O Tribunal Superior Eleitoral atualizou regras em março sobre uso de IA nas campanhas: proíbe deepfakes enganosos, mas admite a reprodução de imagens geradas artificialmente desde que haja transparência sobre sua origem. A norma, contudo, não previu todos os cenários práticos — entre eles, a utilização de conteúdo de IA em convenções partidárias, como ocorreu no evento do PL. Essa lacuna operacional deixa espaço para interpretações divergentes sobre o que configura abuso e sobre como compatibilizar regulação eleitoral com decisões judiciais individuais.
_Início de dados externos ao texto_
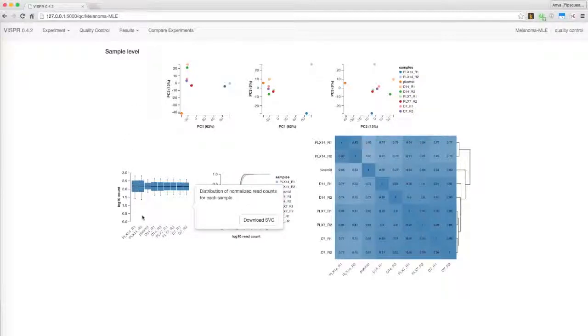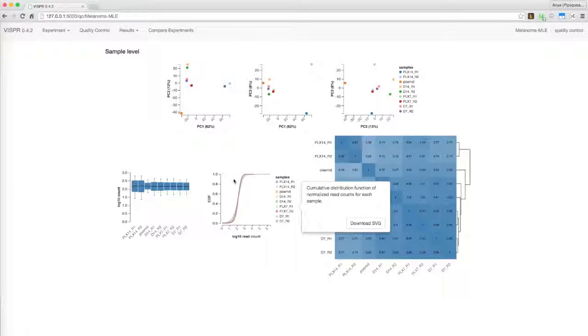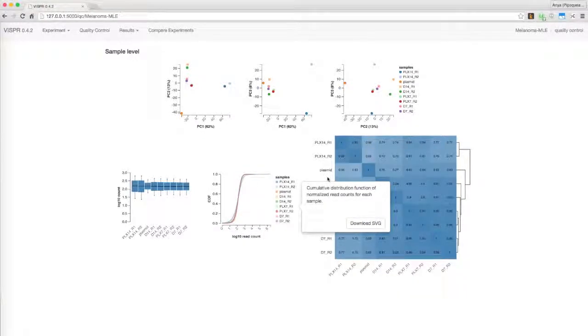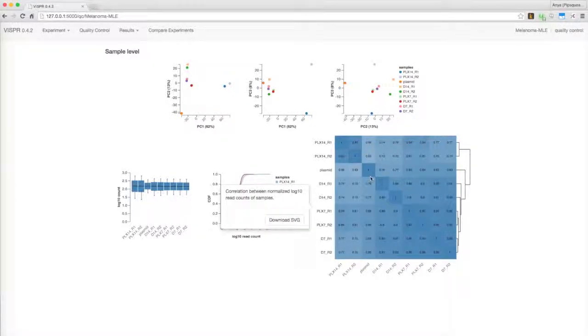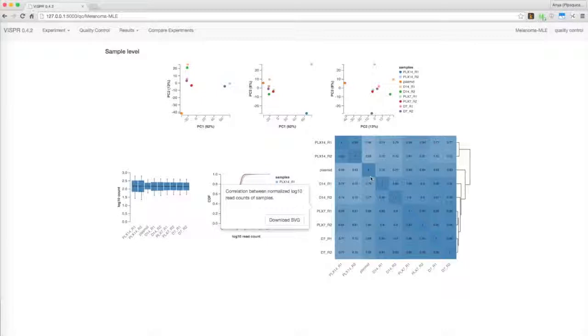These graphs show the distribution of normalized read counts for each sample on box plots and cumulative distribution functions. Similar samples should display similar distributions on all of these graphs. Vispr also displays pairwise Pearson correlations of sample log read counts.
A decisão de Moraes de abrir prazo para que a defesa de Bolsonaro e o Ministério Público se manifestem seguiu da preocupação de que a veiculação do vídeo possa violar determinações que restringem o uso das redes e de imagens do ex-presidente. Especialistas lembram que, por força de sentença, Bolsonaro teve limitações impostas ao uso de telefone e computador, o que adiciona camadas ao debate sobre participação indireta em atos de campanha. Em contrapartida, Nunes Marques — indicado ao STF pelo ex-presidente — assumiu publicamente posição mais permissiva, sinalizando ao plenário do TSE como a questão pode ser tratada politicamente.

O resultado é uma tensão com custos concretos: sem uma interpretação clara e uniforme do TSE, decisões judiciais correm o risco de perder eficácia prática; campanhas podem explorar zonas cinzentas da tecnologia; e o judiciário verá necessária a definição rápida de critérios que unam transparência, responsabilização e respeito a limitações pessoais decorrentes de sentenças. Cabe ao TSE pautar e resolver o caso trazido pela Federação Brasil da Esperança, mas a controvérsia já revela desgaste na capacidade institucional de regular inovações tecnológicas antes que elas redesenhem o jogo político para 2026.